*Problem to solve*: Down to the last line, set down the material below exactly, excluding pictures.

*Data block*:
* * * *

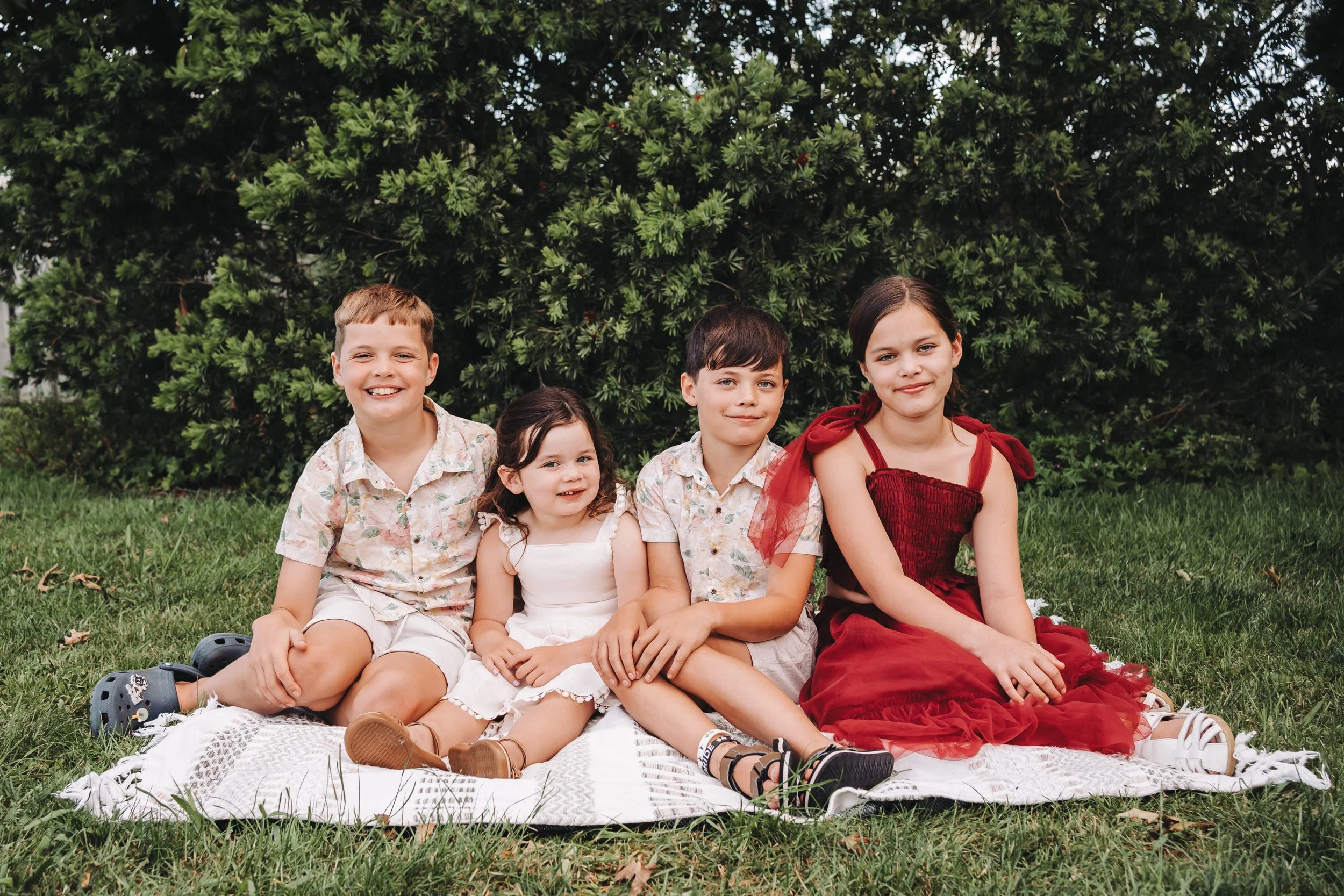 four siblings, two sisters and two brothers are sitting side by side on a cream rug on the grass with bushy foliage in the background, they area all smiling and looking at the camera, they are wearing a mix of cream tones and muted red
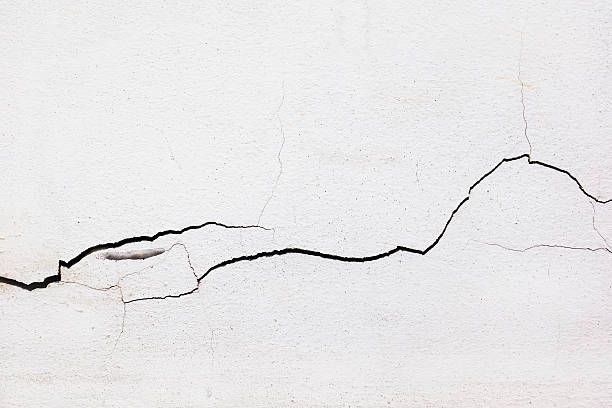 istock clacked cement of white wall 510308417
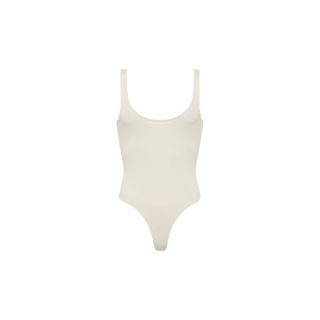 The Nica Scoopneck Bodysuit is a sleeveless, off-white piece made from soft stretch-cotton, featuring a scoop neckline and high-cut legs. Shown against a white background, it’s perfect as a versatile layering essential.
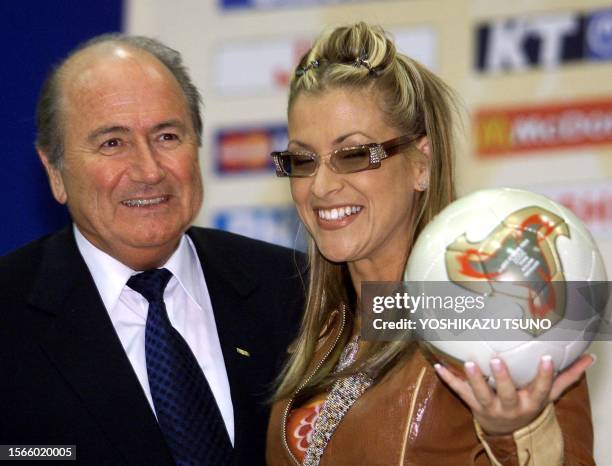 President Joseph 'Sepp' Blatter poses with US singer Anastacia as she holds up the official 2002 World Cup ball during a press conference at the...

* * * *

*Task result*:
 four siblings, two sisters and two brothers are sitting side by side on a cream rug on the grass with bushy foliage in the background, they area all smiling and looking at the camera, they are wearing a mix of cream tones and muted red
 istock clacked cement of white wall 510308417
 The Nica Scoopneck Bodysuit is a sleeveless, off-white piece made from soft stretch-cotton, featuring a scoop neckline and high-cut legs. Shown against a white background, it’s perfect as a versatile layering essential.
 President Joseph 'Sepp' Blatter poses with US singer Anastacia as she holds up the official 2002 World Cup ball during a press conference at the...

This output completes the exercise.